■ Excerpted records:
◆ ◆ ◆ ◆

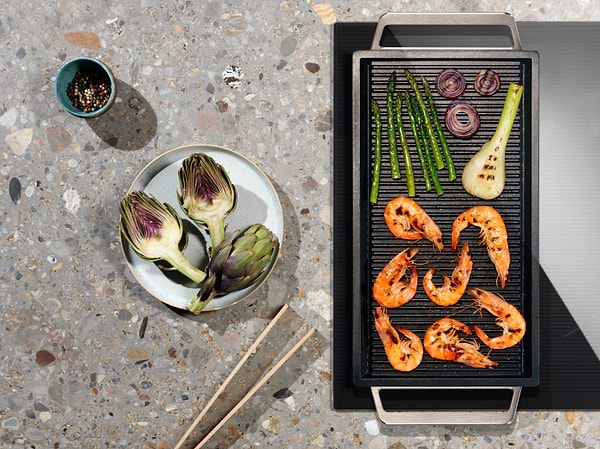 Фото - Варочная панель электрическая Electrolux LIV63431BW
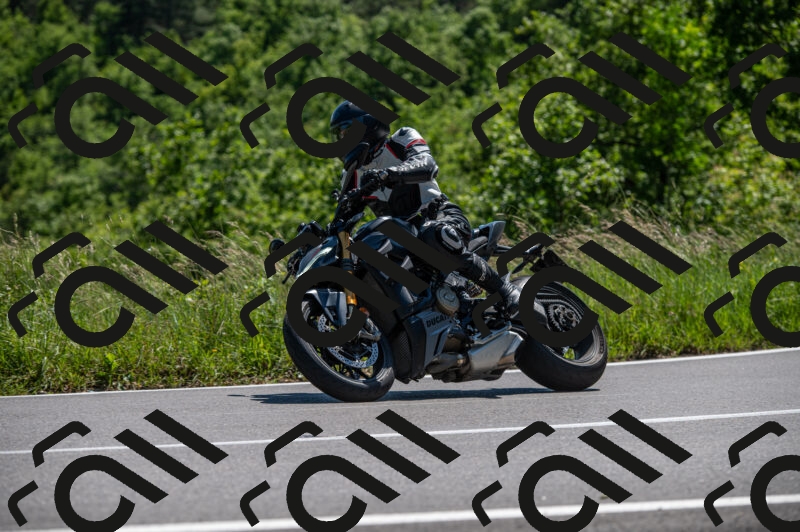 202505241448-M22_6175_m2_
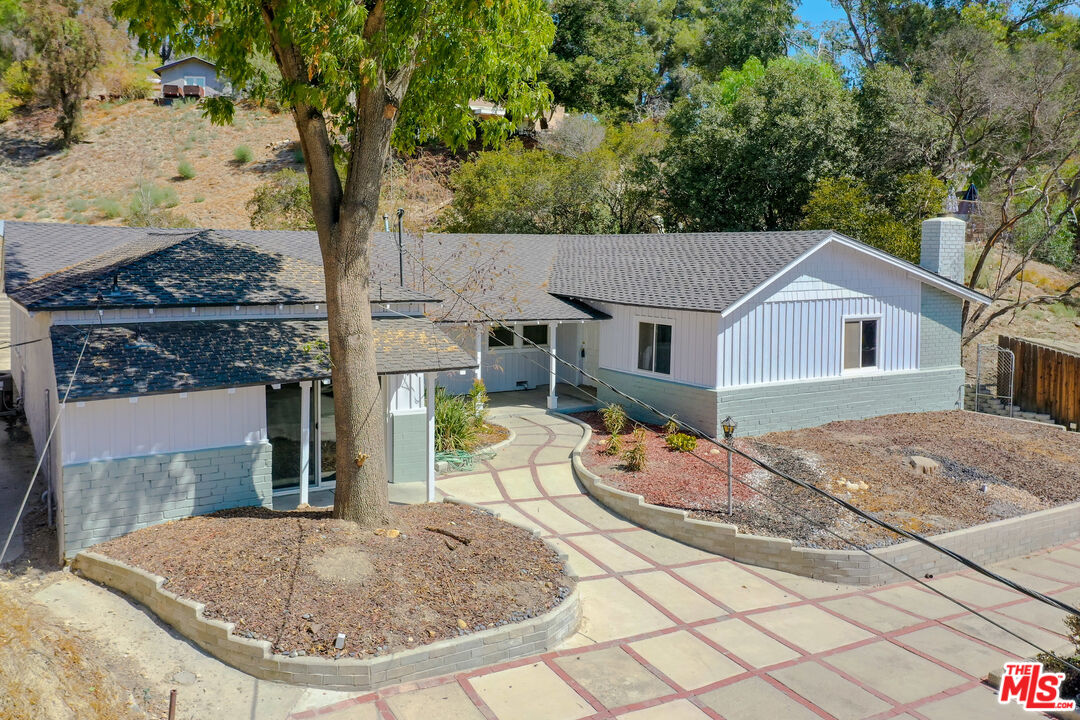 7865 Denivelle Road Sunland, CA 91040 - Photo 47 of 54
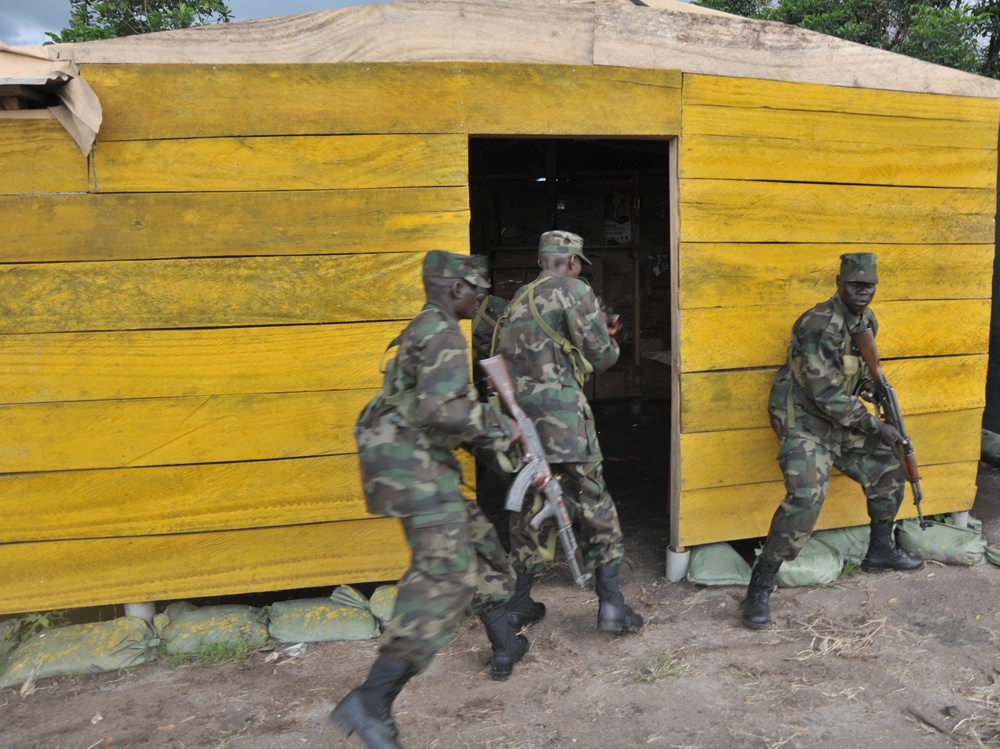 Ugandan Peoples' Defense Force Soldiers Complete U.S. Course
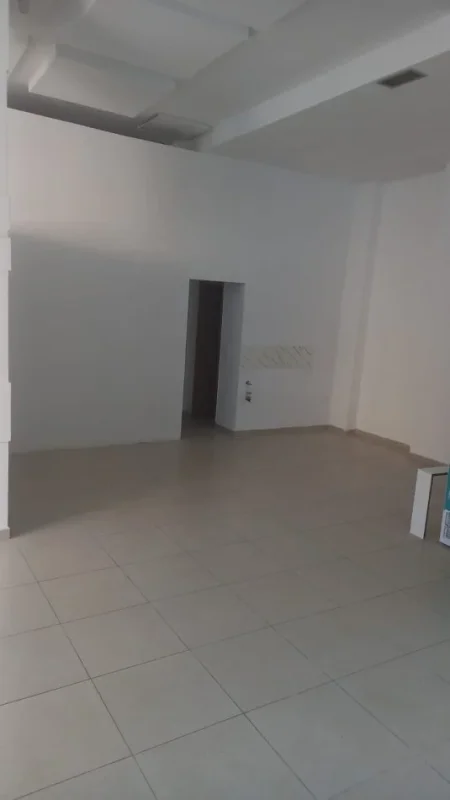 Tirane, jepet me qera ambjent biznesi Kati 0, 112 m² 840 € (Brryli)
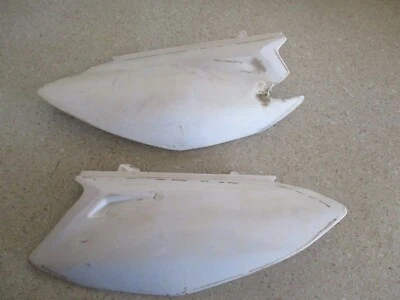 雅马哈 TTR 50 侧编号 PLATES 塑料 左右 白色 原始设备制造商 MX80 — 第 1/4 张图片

◆ ◆ ◆ ◆

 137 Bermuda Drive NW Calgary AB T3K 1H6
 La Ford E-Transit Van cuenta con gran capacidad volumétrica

◆ ◆ ◆ ◆

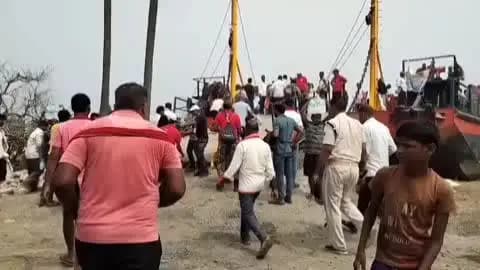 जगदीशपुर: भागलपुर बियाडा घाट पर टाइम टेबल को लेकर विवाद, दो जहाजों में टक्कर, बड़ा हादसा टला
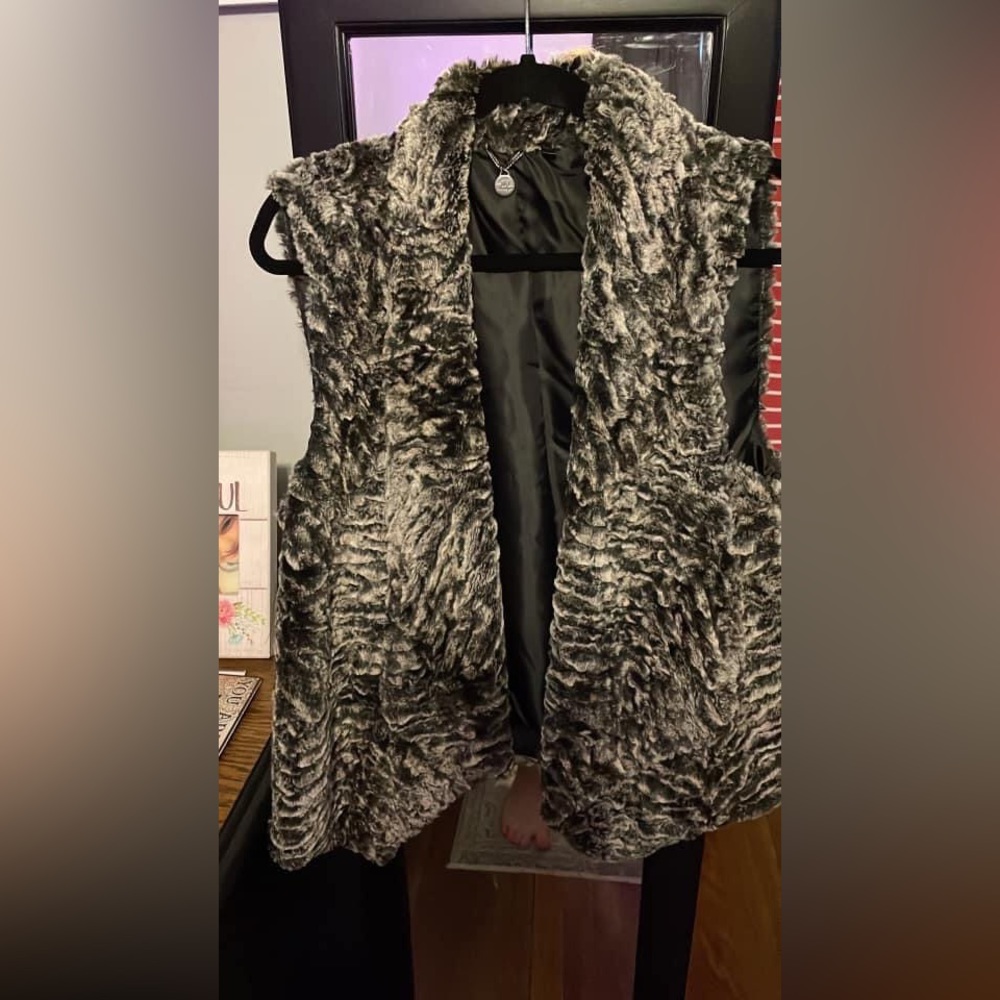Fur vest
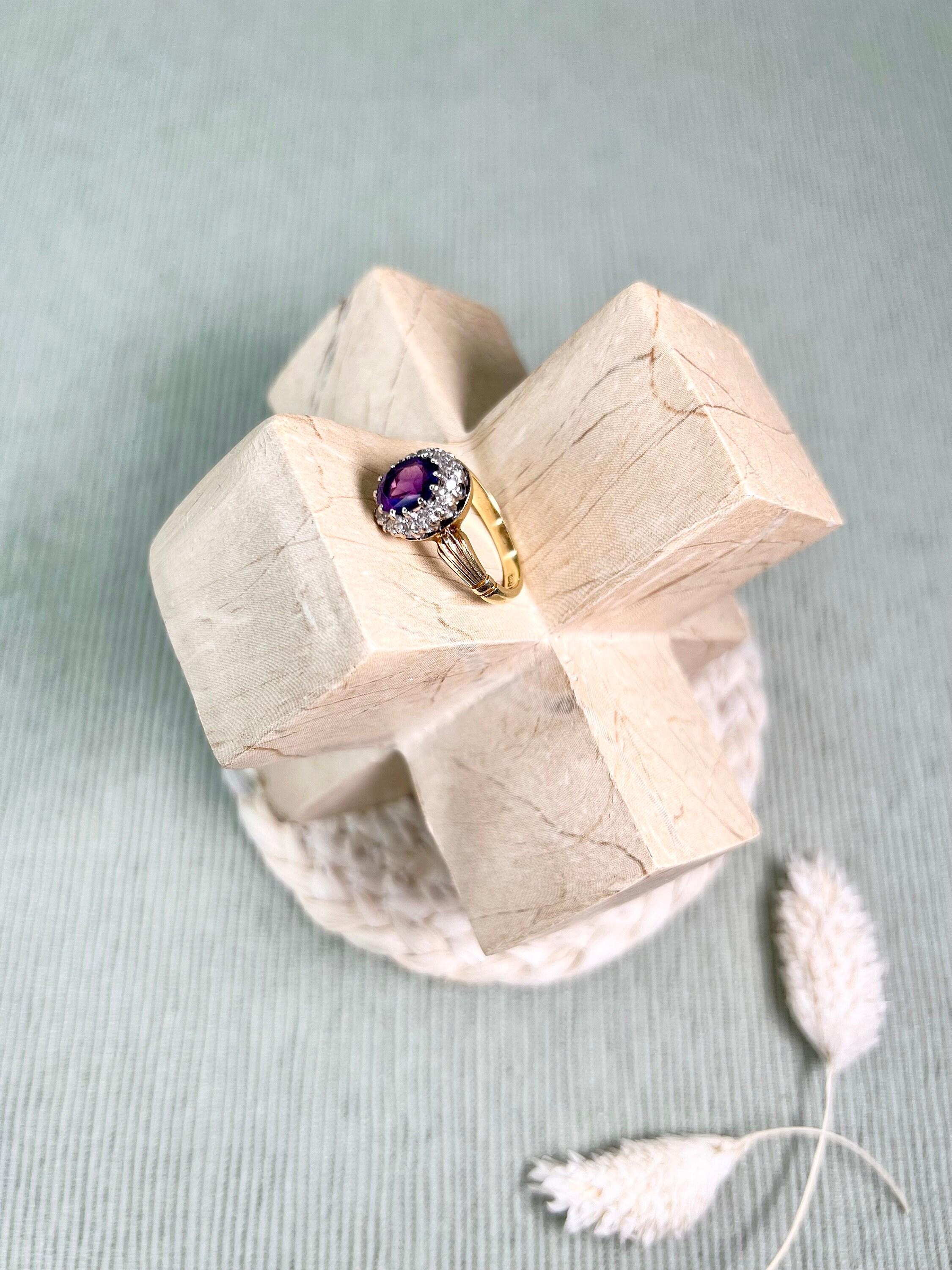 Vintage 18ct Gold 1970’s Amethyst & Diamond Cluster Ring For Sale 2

◆ ◆ ◆ ◆

■ Task brief: Could you output exactly the lines above, from the line with "202505241448-M22_6175_m2_" up to and including the line with "雅马哈 TTR 50 侧编号", and nothing else, skipping the pictures?

■ Answer below:
 202505241448-M22_6175_m2_
 7865 Denivelle Road Sunland, CA 91040 - Photo 47 of 54
 Ugandan Peoples' Defense Force Soldiers Complete U.S. Course
 Tirane, jepet me qera ambjent biznesi Kati 0, 112 m² 840 € (Brryli)
 雅马哈 TTR 50 侧编号 PLATES 塑料 左右 白色 原始设备制造商 MX80 — 第 1/4 张图片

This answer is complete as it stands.